Sarah Ammons, Canadian artist based in the San Francisco Bay Area was interviewed by Venison Magazine in Autumn 2016. Since our interview Sarah has continued to make compelling works of art and exhibit through out California and Canada! Come join us on July 15th and meet the artist yourself!
The story of Pyramus and Thisbe, as Arsippe tells it in book IV of Ovid’s Metamorphosis, is a story of burning desire, untimely destruction, and a thin split in a brick wall. The fascination for me, the point of departure for my work, is this fissure that exists between the two halves of a relationship. In my contemporary eye, the thin split is the place where a particular language and reality exists for a couple. It is a point or a moment where we arrive at an understanding of ourselves and who we are in relation to another person. Love is a kind of grounding, a savior of sanity - a unifying force and a creation of a whole world which exists between two conscious minds. However, on either side of the wall that separates Pyramus and Thisbe, there exist forces that are at war with one another and seek to keep them apart. Herein lies the conflict two people in a relationship face over time. There is struggle of identity between the person that you are as you exist in unity with the one you love, and all the other versions of yourself that you have been and continue to evolve into.

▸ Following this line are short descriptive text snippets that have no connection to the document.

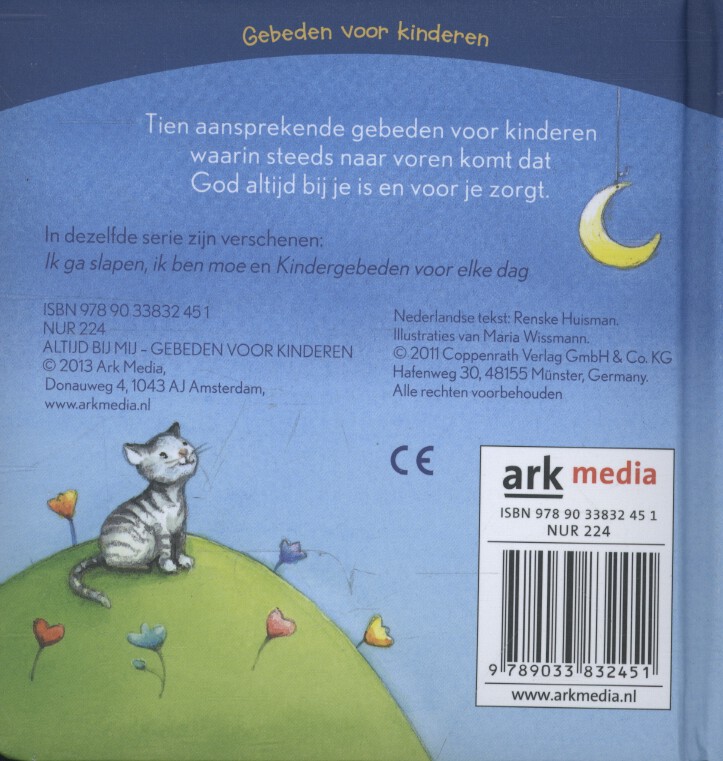 Altijd bij mij / Gebeden voor kinderen achterkant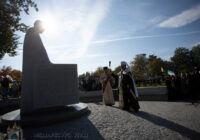 Блаженніший Святослав освятив пам’ятник блаженному Омеляну Ковчу в Любліні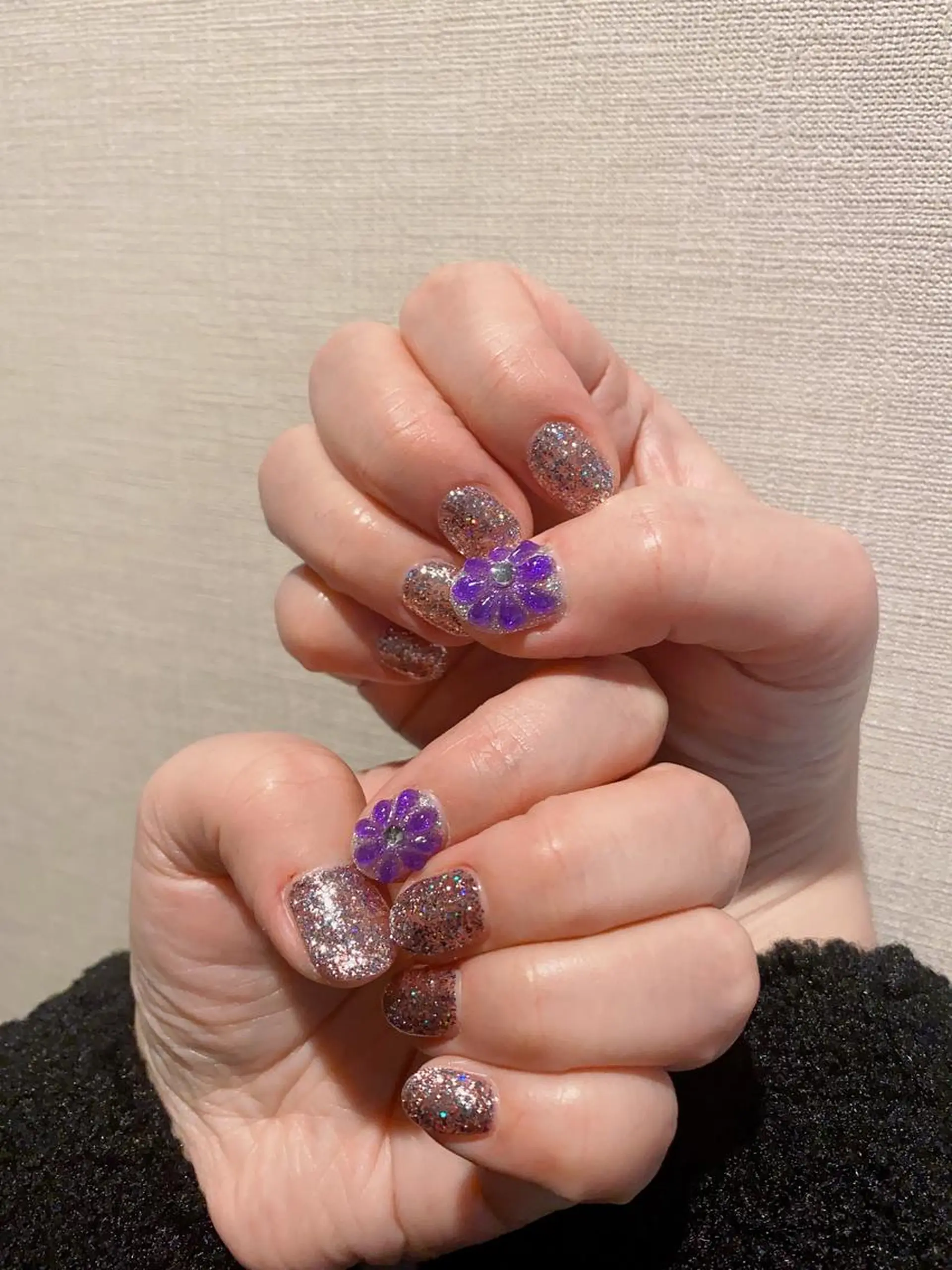 ネイル ハンドネイル 👍thumbs up nail👍のネイルデザイン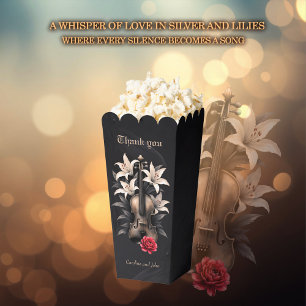 Elegy for a Fallen Song – Romantic Gothic Violin Favour Box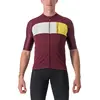 castelli PROLOGO 7 Jersey, Bordeaux/Ivory-passion Fruit, S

This ties in with the Lacanian notion of the Gap, which marks the place where one finds a truth about oneself that does not fit in with the identity that has been established.

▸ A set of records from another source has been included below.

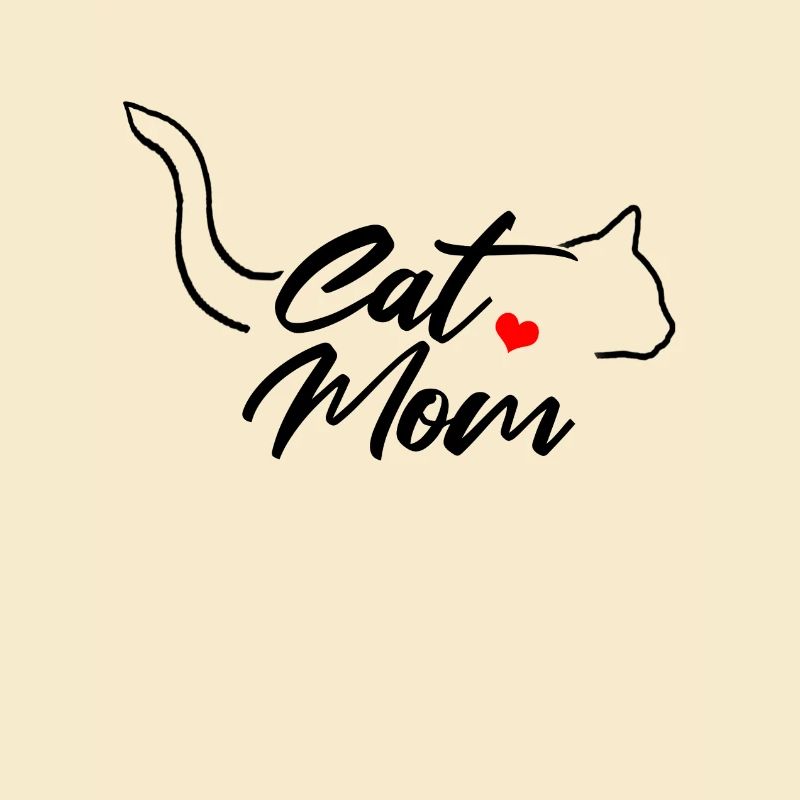 Die Katzenmutter Miezekatze Katze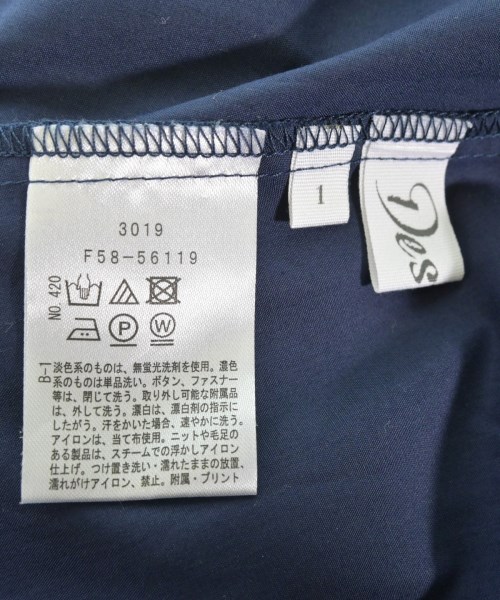 Dessin（デッサン）ワンピース 紺 サイズ:1(S位) レディース/2200611178077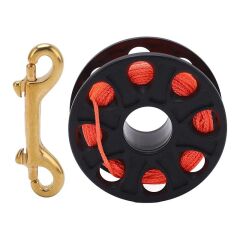 KRAKEN Makara Mini Reel 15 mt, DR05O, Turuncu İpli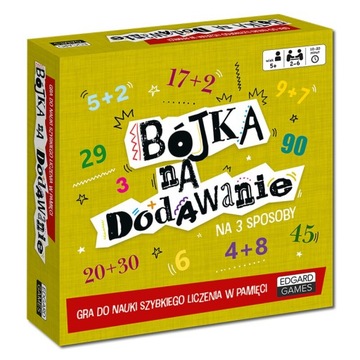 Bójka na dodawanie. Edgard Games
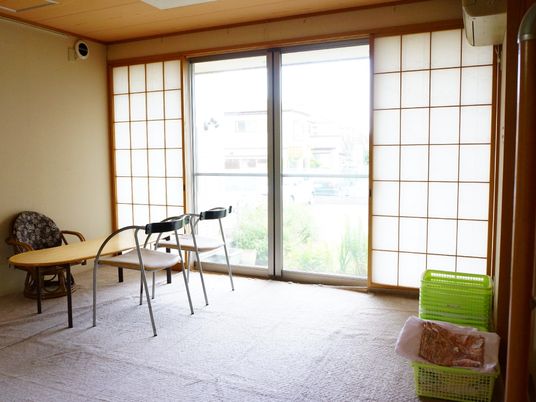 和室の居心地の良い空間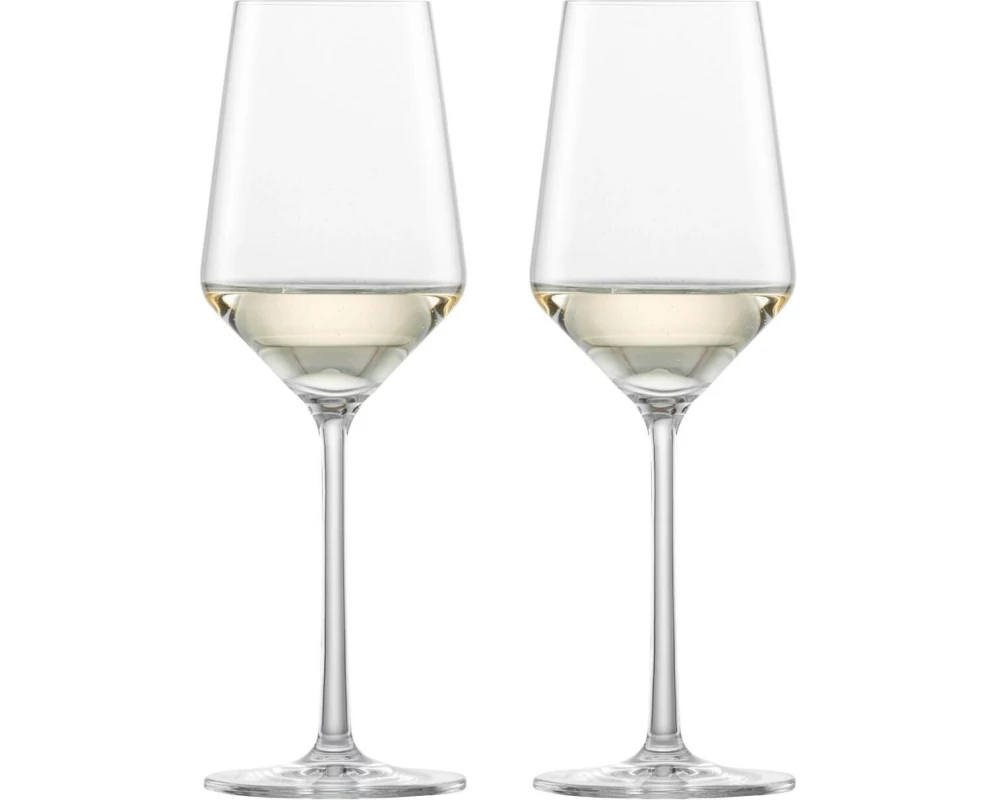 Schott Zwiesel Weissweinglas Riesling Pure 300 ml, 2 Stück, Transparent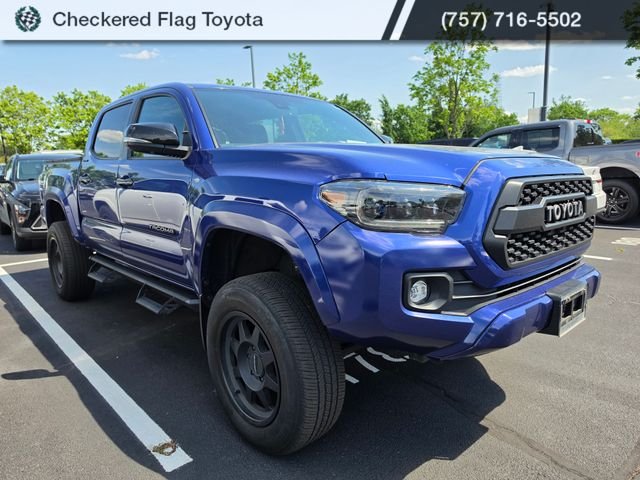 Used 2023 Blue Crush Metallic Toyota Limited image 3
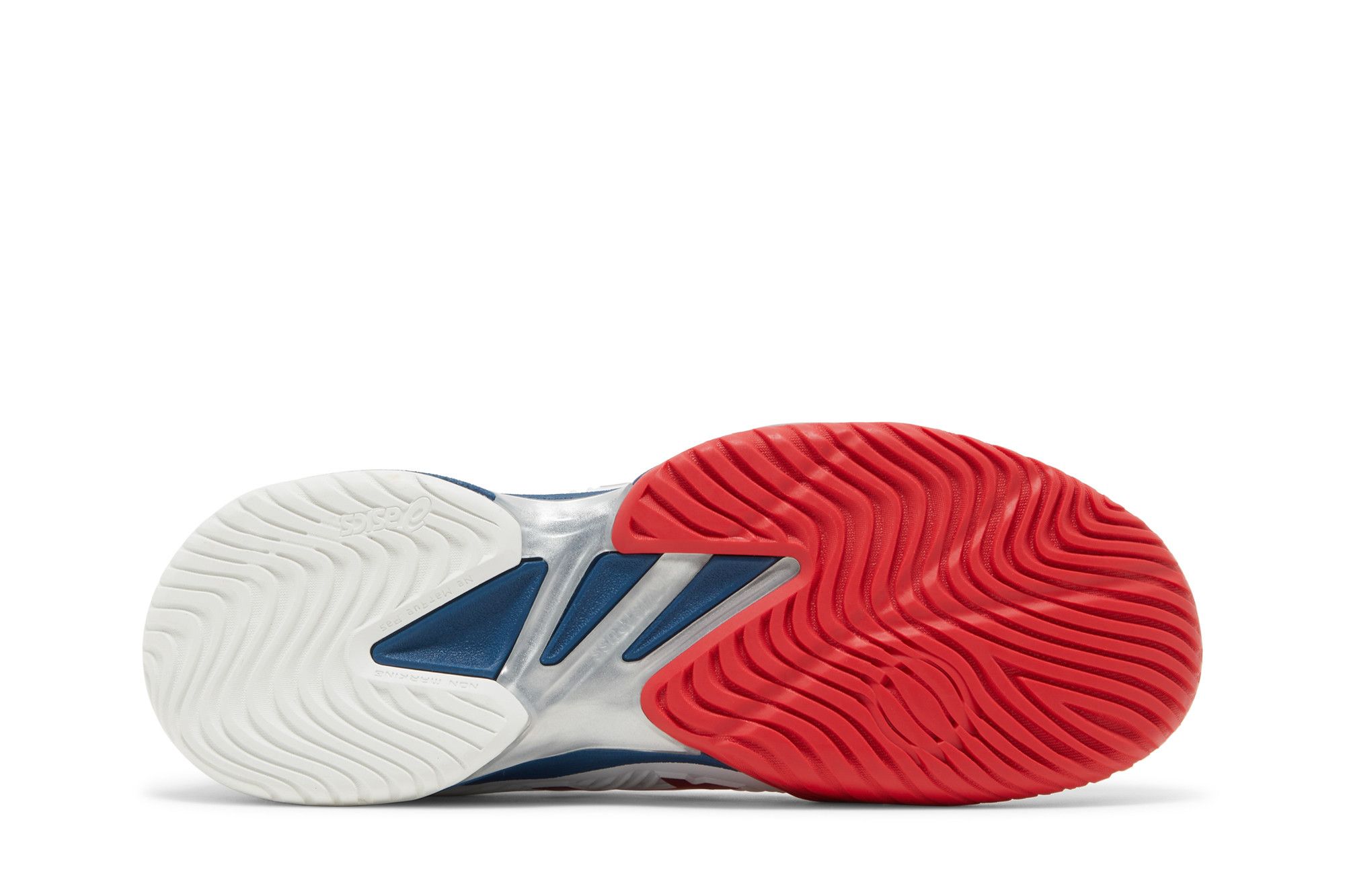 Shop ASICS Court FF 2 Novak ''Wit Mako Blauw'' 1041A083-102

My interest lies in the bringing together and pulling apart - the creation and destruction of various identities - that takes place in romance. There is contradiction between the unity romantic love and the solitary psychological existence of the individuals involved. Looking at historical sources from the West, like Catullus, Ovid and the Neoteric poets among more current psychological influences like Jacques Lacan and Melanie Klein, I intend to weave my findings into a contemporary investigation and depiction of the human struggle to love, be loved and maintain a sense of self.
My large scale drawings on panel use the traditional technique silverpoint. The expressive use of line and the sense of building up of marks to create representational images has an existential connotation, not unlike how we form our identities from early experience coupled with the information gathered throughout our lives. Steeped in psychological reality, I want to create work that will resonate emotionally and physically with the viewer as they investigate and meditate in my hand made process. Drawing upon tinted panels allows me to dramatize certain areas of importance with paint, leaving an impression of selective memory. With these technical aspects in mind along with the relational content of my images I intend to leave the viewer questioning as they try to read the undercurrents of emotion.